Raro, rarissimo che succeda ma qualche volta per fortuna succede: che dal mare magnum dell’iperproduzione e degli hype emerga qualcuno che vivaddio restituisce un senso alle parole. Ad esempio George Ezra, del quale dicono tutti che sia una giovane promessa e giovane lo è davvero, mica in un’accezione odierna del termine che arriva ormai a inglobare chiunque non si sia addentrato negli “enta”, se non addirittura negli “anta”. Il ragazzo questo suo primo album lo ha pubblicato alla verde età di anni ventuno e giorni ventitré e le prime cose le faceva uscire quando ne aveva da poco compiuti venti.
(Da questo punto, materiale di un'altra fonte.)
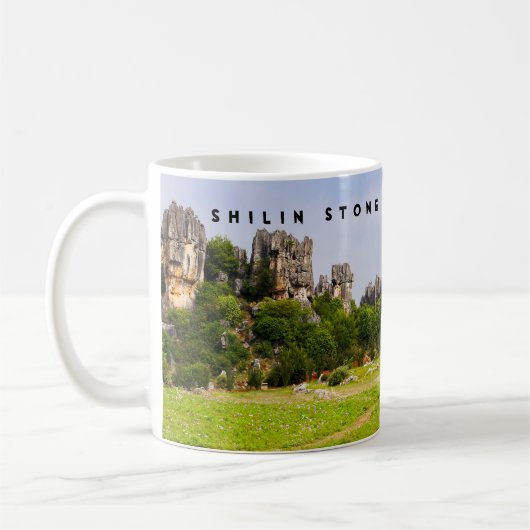 Mug Shilin pinnacles Forêt de pierre - Yunnan, Chine, (Gauche)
Quanto alla promessa, se vi è capitato di ascoltare quella delizia di Budapest, una meraviglia di folk-pop a briglie sciolte, o ancora prima il prodigioso lamento blues (per il minuto e mezzo iniziale a cappella) di Did You Hear The Rain?, che ne rappresentò lo scorso ottobre il biglietto da visita, allora questo disco lo avete atteso con un’impazienza mista a timore. Sarebbe stato all’altezza?
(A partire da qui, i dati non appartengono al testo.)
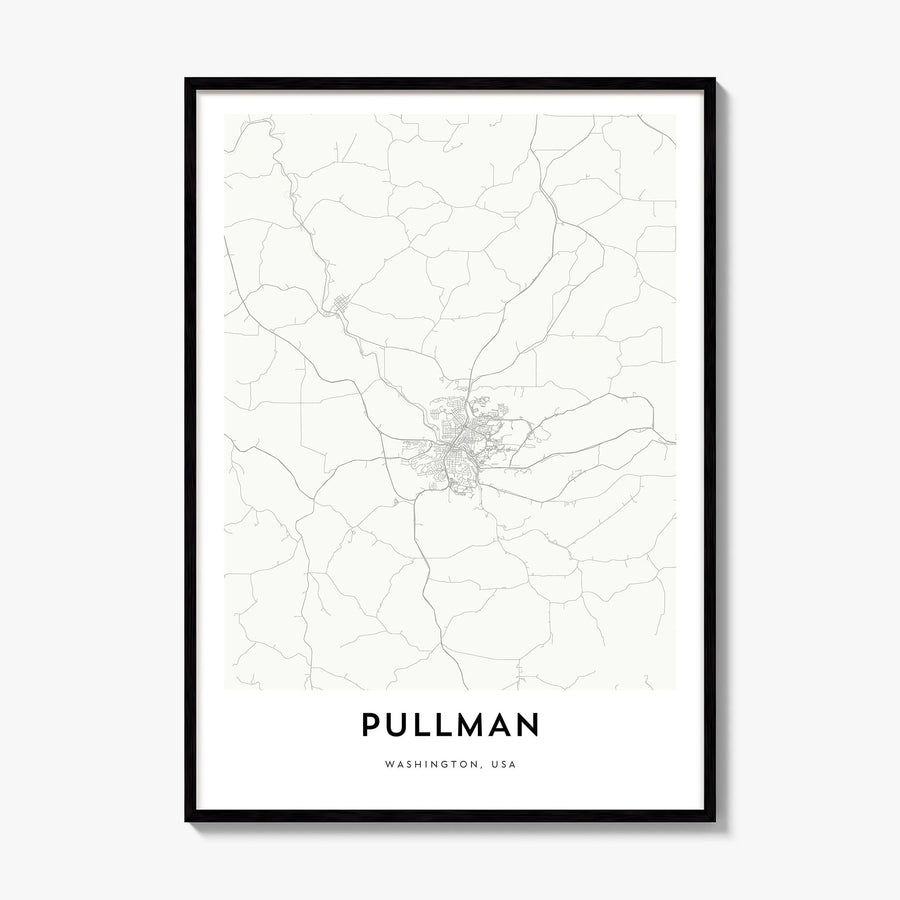 Pullman Map Poster, framed poster mockup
Magari non del tutto, ma complessivamente lo è, con diversi apici specialmente nella prima metà – lo skiffle Blame It On Me, il Dylan rockabilly di Cassy O’, una Listen To The Man da Style Council primissima maniera – e un congedo superlativo (la pletorica versione deluxe quasi lo sciupa facendogli andar dietro quattro tracce al più graziose) con la giostrina fra il barocco e il fosco, un po’ Nick Cave e un po’ Crash Test Dummies, Spectacular Rival. Gridare al miracolo sarebbe eccessivo, ma il giovanotto (a proposito: da Hertford, Inghilterra) ha tutta l’aria di uno che si farà.
Pubblicato per la prima volta su “Blow Up”, n.196, settembre 2014.